La diversità delle leggi si manifesta, oltre che nella disciplina delle società commerciali e degli standard di protezione dell’ambiente, in ambiti della vita sociale impensabili o incomprensibili per molti europei. Include la fase dell’inizio della vita e la sua fine, anche in rapporto alla pena capitale, vietata da molti stati, ma ammessa da altri e tuttora eseguita in alcuni. Include altresì la legislazione elettorale, non solo quando sono in gioco le cariche pubbliche statali, ma anche quando si tratta di elezioni nazionali, perfino per il presidente, il quale detiene il potere esecutivo della nazione, come la Corte suprema affermò nel 1934.
Lo si è visto nelle elezioni presidenziali del 2000, quando la Corte suprema, chiamata a risolvere la contesa tra George W. Bush e Al Gore, constatò che non soltanto i vari stati membri della federazione configuravano diversamente le schede elettorali e le modalità per compilarle, ma perfino all’interno del medesimo Stato – la Florida – le contee utilizzavano diversi sistemi di conteggio e di verifica. Fu proprio per porre rimedio a tali differenze, che rendevano incerta l’attribuzione dei grandi elettori e con essa la vittoria finale, che la Corte suprema della Florida attribuì a un magistrato il compito di svolgere una verifica uniforme.
Ma fu per impedire che tale verifica fosse effettuata che la Corte suprema degli Usa si espresse, a maggioranza, in senso contrario, annullando parzialmente la decisione dell’altra corte. Quella decisione fu criticata per più motivi: perché si allinearono alla maggioranza anche i giudici di orientamento conservatore che solitamente si opponevano all’invadenza della federazione nei confronti degli stati; perché fu violato il principio dell’uguaglianza dei cittadini tutti, nella partecipazione alle elezioni; perché il potere giudiziario influì in modo decisivo sulla scelta del capo del potere esecutivo.
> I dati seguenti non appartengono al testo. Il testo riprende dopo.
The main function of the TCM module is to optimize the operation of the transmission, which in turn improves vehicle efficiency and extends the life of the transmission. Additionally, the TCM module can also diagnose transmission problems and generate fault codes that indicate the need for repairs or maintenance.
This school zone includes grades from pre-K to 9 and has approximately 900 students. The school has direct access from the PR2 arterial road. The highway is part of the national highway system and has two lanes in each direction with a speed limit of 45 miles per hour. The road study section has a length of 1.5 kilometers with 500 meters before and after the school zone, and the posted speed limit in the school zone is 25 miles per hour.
Malgrado ciò, si tratta di un precedente che va considerato con attenzione, anzitutto perché comporta che la corte suprema d’uno stato non ha l’ultima parola sull’interpretazione della legislazione elettorale di quello stato. Inoltre, alcuni di quei giudici fanno ancora parte della Corte suprema federale, che potrebbe essere chiamata ad assumere la decisione finale. Il mese scorso, quando si è trattato di decidere sulla legislazione della Pennsylvania che estendeva il termine per il conteggio dei voti spediti attraverso la posta oltre il giorno dell’elezione presidenziale, gli otto giudici della Corte suprema non hanno raggiunto una maggioranza. Ma adesso, dopo che Amy Coney Barrett – il giudice scelto da Trump alla fine del mandato presidenziale – è entrata a far parte del collegio, le cose potrebbero cambiare.
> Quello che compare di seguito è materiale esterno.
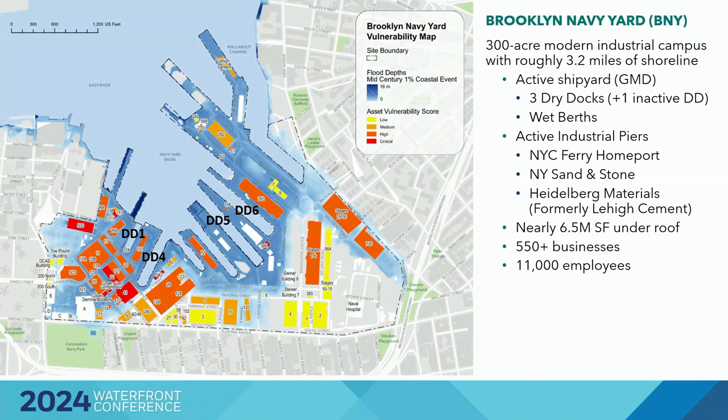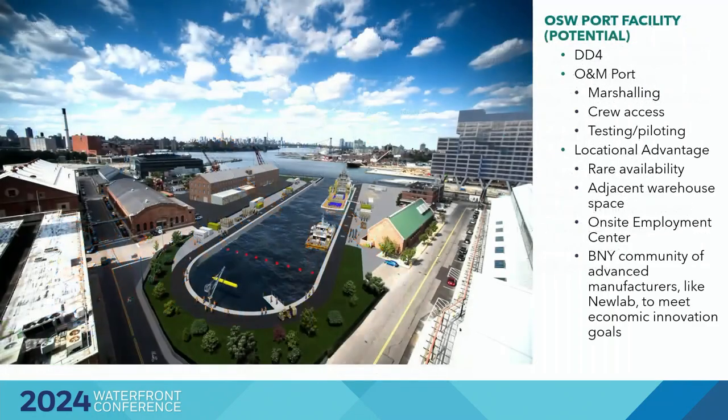We were a bit behind on resilience planning — we'd started a few years ago but not really actively — and have now embarked on much more significant resilience thinking. Dry Dock 4 is an inactive dry dock that was part of the New York 3 NYSERDA application. It didn't win, but it is available for an O&M facility. Although we don't have as much laydown space, it ties into the green infrastructure work at the yard, with adjacent warehouses that could be used and advanced manufacturers like New Lab who could connect to innovation there.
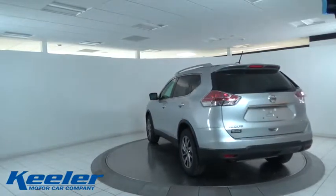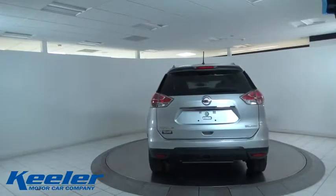This vehicle has less than 35,000 miles. Here are some of this vehicle's great options.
In senso contrario, si è fatto affidamento sul fatto che la Barrett ha più volte espresso il convincimento che la Costituzione debba essere interpretata in modo da rispettare l’originaria volontà di chi la scrisse, per tutelare le prerogative di ciascuno stato. Ma lo stesso convincimento era stato espresso dal suo predecessore e mentore, Antonin Scalia. Non si può escludere, quindi, che la Corte si erga nuovamente ad arbitro della contesa politica. Il senatore repubblicano Mitch McConnell lo ha auspicato, sottolineando che nella vita politica dell’America l’ultima parola spetta ai giudici. L’eventuale protagonismo della Corte suprema potrebbe dare luogo a una crisi costituzionale senza precedenti.